我也因此想到日本的扇子与书画传统。因为我的家乡是日本,所以我对扇面之美并不陌生,我们同样有很成熟的折扇、团扇和附着其上的书写与装饰传统。但这次中国扇面书画体验还是给了我一种不一样的感觉。日本很多相关审美更强调季节感、物哀、细致情绪和装饰中的秩序,而中国扇面书画给我的印象更偏向“笔墨气息本身就是主角”。也就是说,它当然也在乎季节和雅致,但更明显地把书写性、气韵和文人式的留白意识放在前面。

This naturally made me think of Japanese fan and painting traditions. Because I come from Japan, I am not unfamiliar with the beauty of fan surfaces. We also have mature traditions of folding fans, round fans, and the writing and decoration attached to them.
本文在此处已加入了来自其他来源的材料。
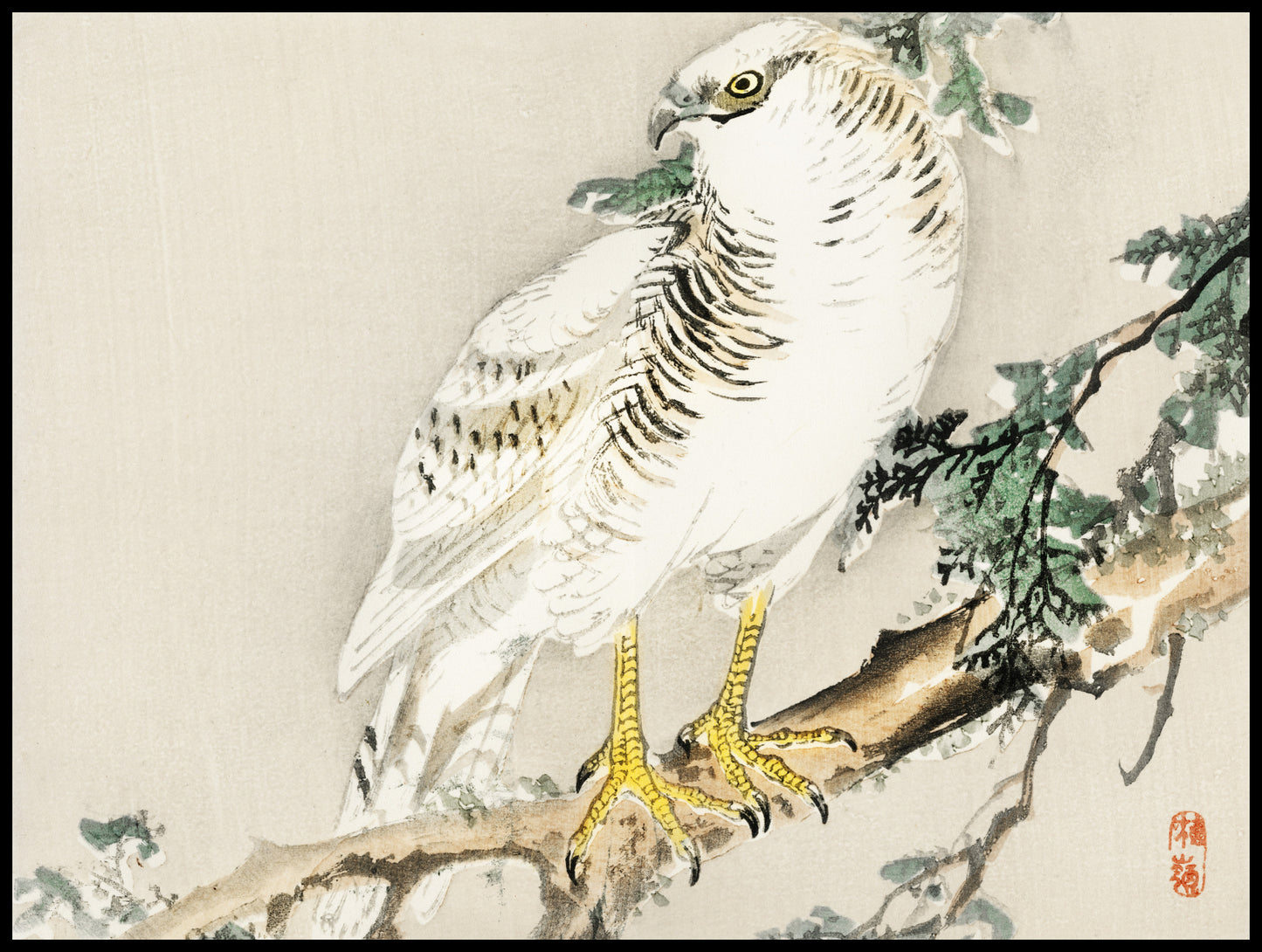 Plakat  Northern Mockingbird, Kōno Bairei Vintage do Salonu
Yet this Chinese workshop still gave me a different feeling. In Japan, related aesthetics often emphasize seasonality, delicate emotion, and order within decoration. Chinese fan painting and calligraphy, by contrast, struck me as placing the life of brush and ink itself at the center. It certainly cares about season and elegance, but more visibly foregrounds brushwork, vital energy, and a literati-style consciousness of blank space.
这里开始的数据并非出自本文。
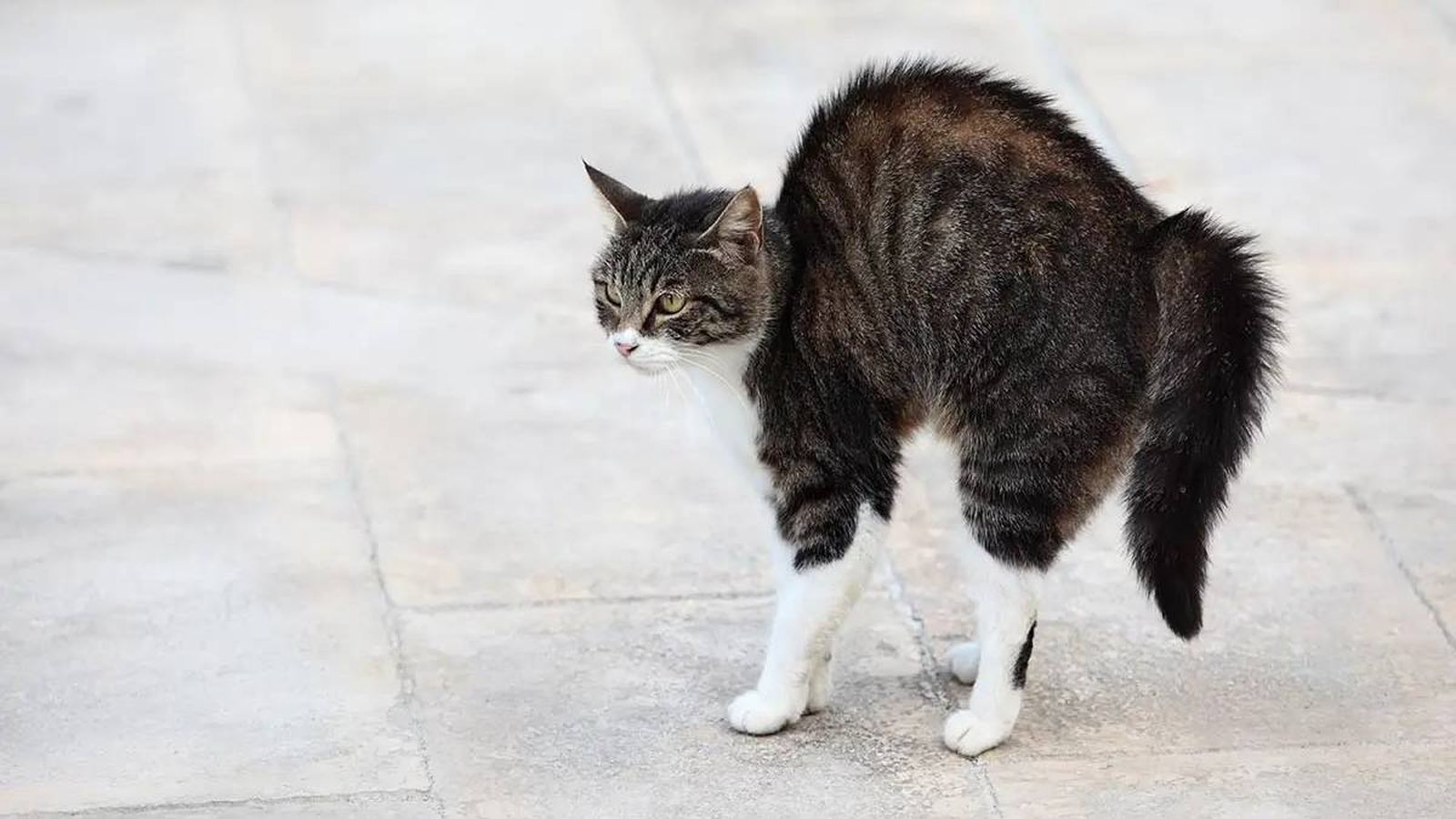 gato erizado (1)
扇面书画体验:我第一次觉得“留白”也可以是一种邀请 scene 2

体验过程中我最喜欢的一个瞬间,是把扇子完全展开之后再退后一步看。平放在桌上时,你还容易把它当作一张小画;可一旦它被真正打开,扇骨撑开弧度,墨色随着褶面起伏,那种“物与画是一体”的感觉就立刻出来了。它不是先有一张画,再勉强附着到扇子上,而是从一开始就按照扇子的身体去安排线条和节奏。对我来说,这种统一感非常高级,也非常中国。

My favorite moment during the workshop came when I opened the fan completely and then stepped back to look at it. When it lies flat on the table, you can still mistake it for a small painting. But once it is truly opened, the ribs create their arc, the ink moves with the folds, and the feeling that object and image form a single body appears immediately. It is not that a painting exists first and is then attached to a fan. The lines and rhythm are arranged from the beginning according to the fan’s own physical form. To me, that unity felt both sophisticated and distinctly Chinese.

我最后做出的扇面其实很简单,甚至可以说有一点过于保守。可也正因为如此,我记住了老师说的一句话:宁可少一点,也不要让扇子喘不过气。对我这样的外国体验者来说,这句话几乎比技法本身更有价值。它让我意识到,中国很多审美传统并不急于把信息塞满,而是愿意给观看者留下停顿、给器物留下余地、给气息留下流动空间。

The fan I finished was actually quite simple, perhaps even too cautious. But that is exactly why I remembered something the instructor said: better a little less than a fan that cannot breathe. For a foreign participant like me, that sentence was almost more valuable than technique itself. It made me realize that many Chinese aesthetic traditions are not eager to fill every space with information. They are willing to leave pause for the viewer, room for the object, and movement for breath.

如果有朋友问我,哪一种中国民艺最能帮助外国人理解“雅”不是抽象概念,我会推荐扇面书画。它体量不大,却把构图、书写、绘画、器物和使用方式全部连在了一起。你做完以后,不只是得到一把扇子,而是开始明白为什么中国人会把一件日常小物看成审美修养的延伸。对我来说,这次体验最深的收获,就是学会尊重空白。原来有些美,不是靠加出来的,而是靠克制留下来的。

If friends asked me which Chinese folk-art experience best helps a foreigner understand that refinement is not an abstract idea, I would recommend fan painting and calligraphy. Its scale is small, yet it connects composition, writing, painting, objecthood, and use all at once. After finishing, you do not only walk away with a fan. You begin to understand why a daily object can be treated in China as an extension of cultivated taste. For me, the deepest lesson of this experience was learning to respect emptiness. Some forms of beauty are not created by adding more, but by what restraint chooses to leave behind.